October marks both National Domestic Violence Awareness Month and Breast Cancer Awareness Month, and officials at U.S. Army Garrison - Okinawa have worked to raise awareness of what senior officials here call serious public health issues.
"We are honored to host the Pink and Purple Gala on Torii Station and contribute to raise awareness on Breast Cancer and Domestic Violence in our community," said Garrison Commander Lt. Col Eric Martinez.
"The stories of the victims and survivors touched each one of us tonight … We thank them for sharing and for their contributions to raise awareness on both campaigns," said Martinez.
The event was supported by the Joint Armed Services committee, which included Family Advocacy Program members from Kadena Air Force Base and Torii Station, Kadena Air Force Base, Health and Awareness Center and the U.S. Naval Hospital's Breast Health Center. U.S. Army Garrison -- Okinawa's Directorate of Morale, Welfare and Recreation and Army Community Service also helped make the event a success
"This year's theme: 'Relationships should be safe, respectful and positive' was echoed at this year's Joint Services Committee, Unmasking Gala and Soirée," said Installation Victim Advocate Coordinator Joanna Ashley, who coordinated the event.

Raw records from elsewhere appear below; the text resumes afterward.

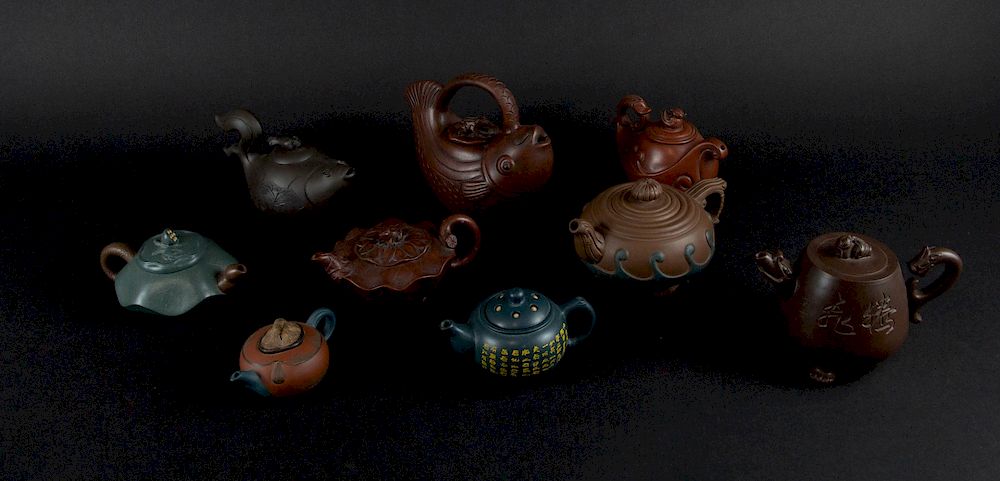 Appraisal: A Group of Yixing Teapots Chinese Including two fish-form pots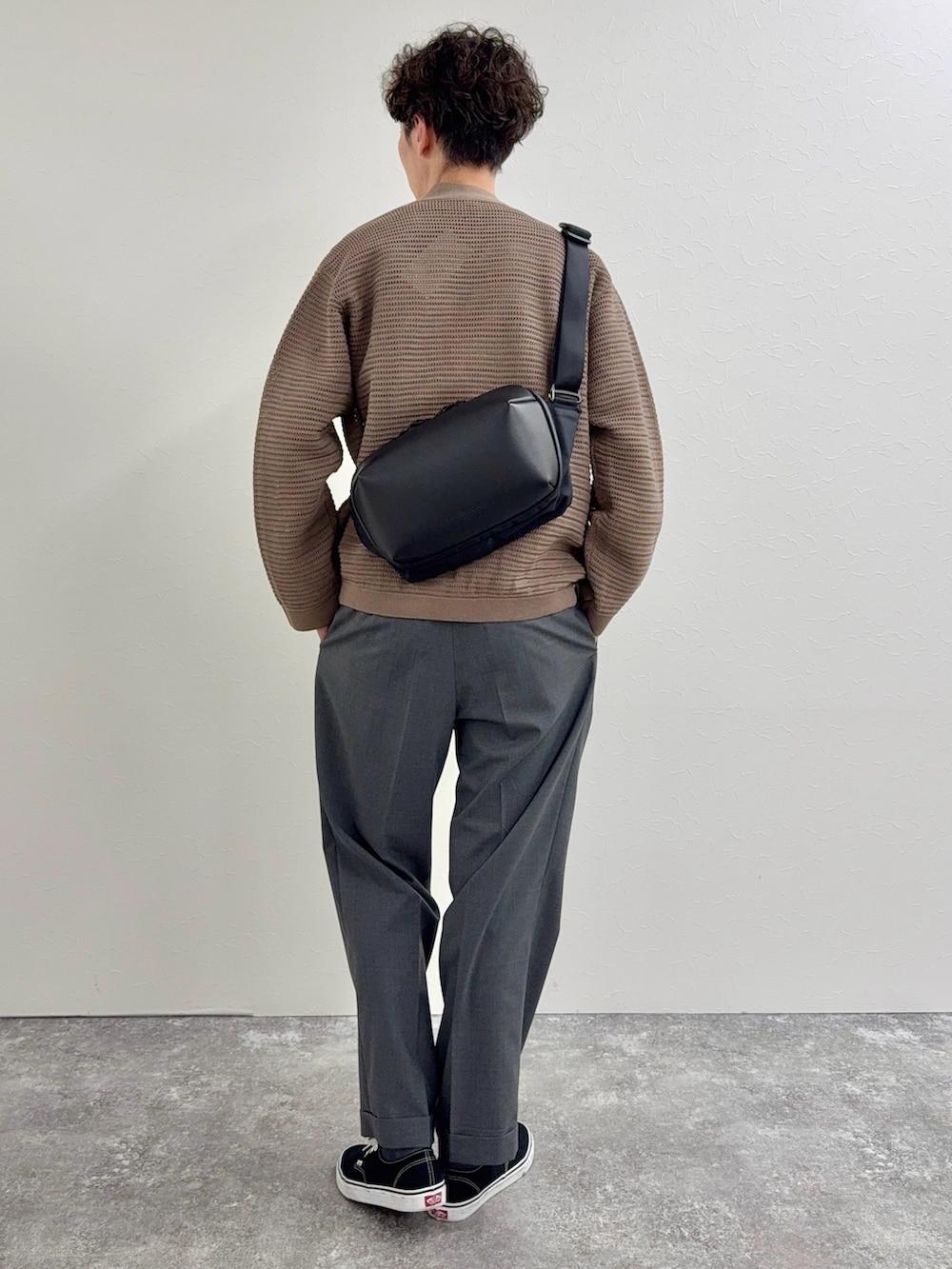 ブラック系のショルダーバッグ、ホワイト系のTシャツ/カットソー、グレー系のスラックスを着用したメンズの春コーディネートの2枚目の写真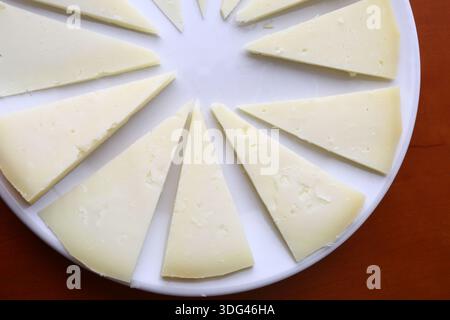 Handwerkliche Käsesorten mit natürlichen Texturen und in Scheiben geschnittenen Stücken Stockfoto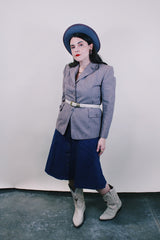 Women's vintage 1950's Jack Frost Woolen Wear, The Original Utah Woolen Mills, Salt Lake City label long sleeve grey colored button up blazer with double lapel, two pockets, and fabric covered buttons.
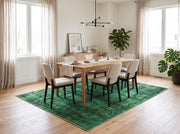 7' x 9' Rectangular Emerald Green & Black Distressed Abstract Modern Washable Area Rug styled in a dining room beneath a wooden dining table and cream upholstered chairs.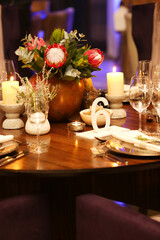 Proteas in a round copper vase with warm lighting.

The key-note speaker for the evening was a survivor of domestic violence who shared an inspirational story of strength, courage and resilience. Several survivors of breast cancer participated in an unmasking pageant, where they walked the red carpet, removed their masks and gave inspirational testimonies of hope, strength and determination.
"Their inspirational testimonies raised awareness, reduced the stigma and encouraged early detection as the key to breast cancer survival," said Ashley.
Breast cancer is the second-leading cause of cancer deaths for women in the United States, and mammograms can detect early-stage breast cancer as early as three years before a lump can be felt, according to the Centers for Disease Control and Prevention in Atlanta, Ga.
The National Cancer Institute in Bethesda, Md., reports that more than 192,000 U.S. women are diagnosed with breast cancer every year, while every nine seconds in the U.S. a woman is assaulted or beaten.